During the War of the Pyrenees he saw action several times, including at the combat of Sara (1 May 1793) and at Baztán, where he distinguished himself. He was promoted to Fusiliers lieutenant in 1795, Grenadiers lieutenant the following year and captain at the end of the war.

In 1800 he was promoted to Fusiliers captain and from December that year to the following December, he took part in guarding the coast of Asturias, duties he again took up during the latter part of the Anglo-Spanish War (1796–1808).

==Peninsular War (1807–1814)==

At the start of the war, the Junta de Asturias promoted him to colonel and sargento mayor of the newly established Infiesto Regiment. Shortly thereafter, he was promoted to lieutenant colonel and then colonel of the Candás and Luanco Regiment, which was subsequently incorporated into the Army of the Left. He saw action at Valmaseda (November 1808). In December he was given command of the battalion of Cazadores de Fernando VII (light infantry) and marched to defend the line of the river Eo, which forms the boundary between Galicia and Asturias, where he served under lieutenant general José Worster.

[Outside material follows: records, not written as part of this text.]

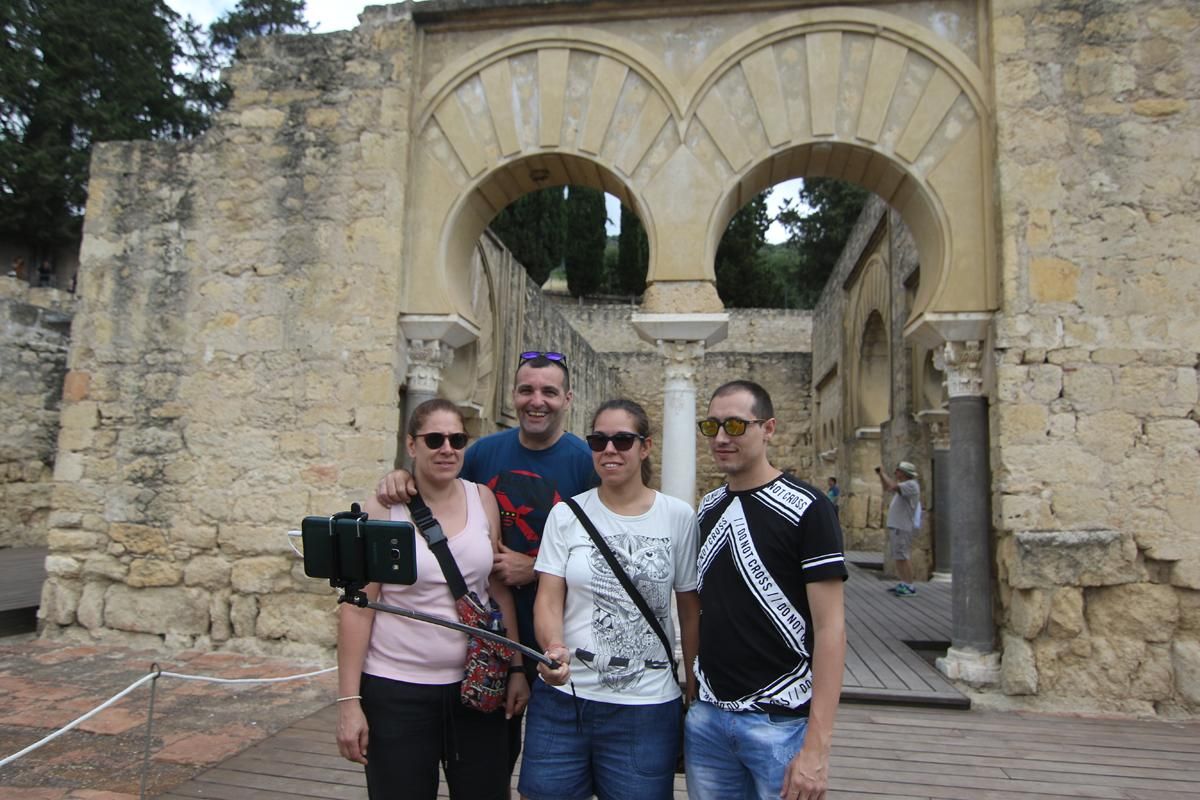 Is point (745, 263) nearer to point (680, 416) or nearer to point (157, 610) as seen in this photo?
point (680, 416)

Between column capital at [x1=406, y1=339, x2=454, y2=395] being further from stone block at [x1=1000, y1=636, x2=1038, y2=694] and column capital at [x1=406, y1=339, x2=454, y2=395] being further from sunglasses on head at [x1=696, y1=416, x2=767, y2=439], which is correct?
stone block at [x1=1000, y1=636, x2=1038, y2=694]

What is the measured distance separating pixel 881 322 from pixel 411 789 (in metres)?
12.0

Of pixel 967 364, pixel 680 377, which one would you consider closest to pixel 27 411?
pixel 680 377

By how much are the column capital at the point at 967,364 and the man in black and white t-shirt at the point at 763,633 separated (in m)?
3.71

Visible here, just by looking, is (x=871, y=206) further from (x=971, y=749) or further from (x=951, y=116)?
(x=971, y=749)

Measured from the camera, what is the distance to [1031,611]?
4.75m

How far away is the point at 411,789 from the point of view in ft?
7.14

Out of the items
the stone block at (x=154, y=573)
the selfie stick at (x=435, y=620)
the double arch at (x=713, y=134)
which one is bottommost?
the stone block at (x=154, y=573)

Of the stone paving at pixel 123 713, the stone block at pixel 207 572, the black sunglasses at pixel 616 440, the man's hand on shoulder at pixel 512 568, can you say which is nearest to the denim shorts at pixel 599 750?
the man's hand on shoulder at pixel 512 568

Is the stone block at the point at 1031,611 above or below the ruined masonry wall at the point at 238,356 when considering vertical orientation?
below

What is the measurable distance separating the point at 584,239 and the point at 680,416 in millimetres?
26482

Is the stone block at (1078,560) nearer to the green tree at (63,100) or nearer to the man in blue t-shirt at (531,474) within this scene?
the man in blue t-shirt at (531,474)

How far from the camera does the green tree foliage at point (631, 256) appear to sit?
30.8m

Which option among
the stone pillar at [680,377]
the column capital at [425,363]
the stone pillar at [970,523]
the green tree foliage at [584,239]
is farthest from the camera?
the green tree foliage at [584,239] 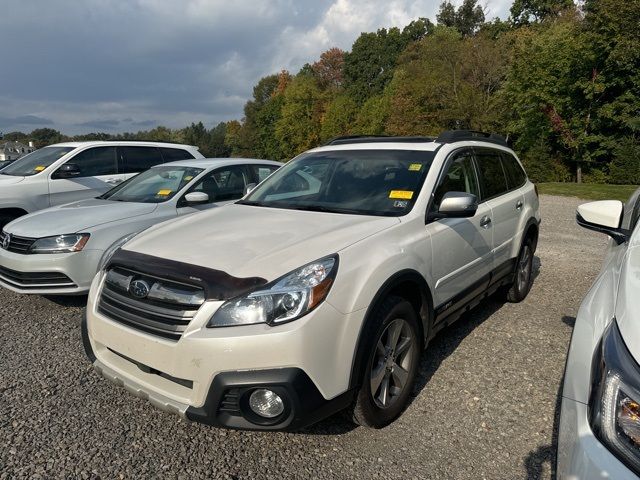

On 2 June 1809, he defeated General Barthélemy Thomières's troops at the bridge of San Martin, for which he was promoted to brigadier and given the command of the Army of Asturias.

Although he distinguished himself at Potes (23 September 1809), the following year his troops were beaten by General Bonet's troops at the bridge of Colloto, five kilometres (3.1 miles) outside Oviedo (14 February 1810).

His troops saw action at Peñaflor (19 March), were victorious at the combat of Padrún (14 April), but were unable to hold the line at the line at Nalón (26 April), and were forced to retreat to Mieres. On reorganising his troops, Bárcena was victorious at the actions of Linares de Cornellana and Campomanes, on 15 and 24 August, respectively.

In September, Bárcena handed over his command to General Francisco Javier Losada.

At the head of the vanguard division, Bárcena fought several actions at Pola de Lena (1, 2, 6 and 15 October 1810); at Fresno (20 and 28 November); at Soto (26–28 December); at Campomanes (1 January 1811); at Salas (8 March) and at Puelo, the same day, where he was badly wounded.

While still recovering from his wound, in May 1811 he was given command of the 1st Asturias Regiment, still under the orders of Losada. The following June he was promoted to field marshal and given command of the 1st Section of the 1st Division.

On 5 and 7 November, his troops saw action at Puente de los Fierros and at Peñaflor. On 12 November he forced General Gauthier to withdraw from Tineo.

In May 1812 he was appointed commander of the 1st Division and spearheaded the campaign (May–June 1812) which led to the French being forced to withdraw from Asturias. He participated at the Siege of Astorga and then marched to Burgos to bolster General Arthur Wellesley, Marquess of Wellington's siege of Burgos, withdrawing with Wellington to Salamanca and then Ciudad Rodrigo. From there, he set up his cantonment in Bierzo, region of which he was appointed commander-in-chief.

In July 1813, he commanded the 4th Division of the 4th Army, under Girón, at the Bidassoa and later distinguished himself, together with Francisco de Longa, at the bridge of Yanci, on 1 August. The following September, he was given command of three divisions of the Army of the centre (the 3rd, under Diego del Barco; the 4th, under José María Ezpeleta and the 5th, under Juan Díaz Porlier) seeing action at the Battle of the Bidassoa (7 October) and Battle of Nivelle (10 November). At the Battle of Toulouse (1814), was second-in-command to General Freire.

==Post-war career==
During the Hundred Days he was given command of the troops stationed in the Baztán Valley and entered into France at their head. He was then given command of the región (cantón) of Pamplona, until October, when he was given the interim command of the 2nd Division, before returning to Asturias in December.

In 1816, on the occasion of the wedding between Fernando VII and Maria Isabel of Braganza, Bárcena was promoted to lieutenant general.

In 1818, he was briefly given command of the coast of Asturias to prevent the eventual landing there of general Mariano Renovales's liberal troops sailing from England.

When the Constitution was proclaimed, under the Liberal Triennium, he was briefly appointed captain general of Galicia.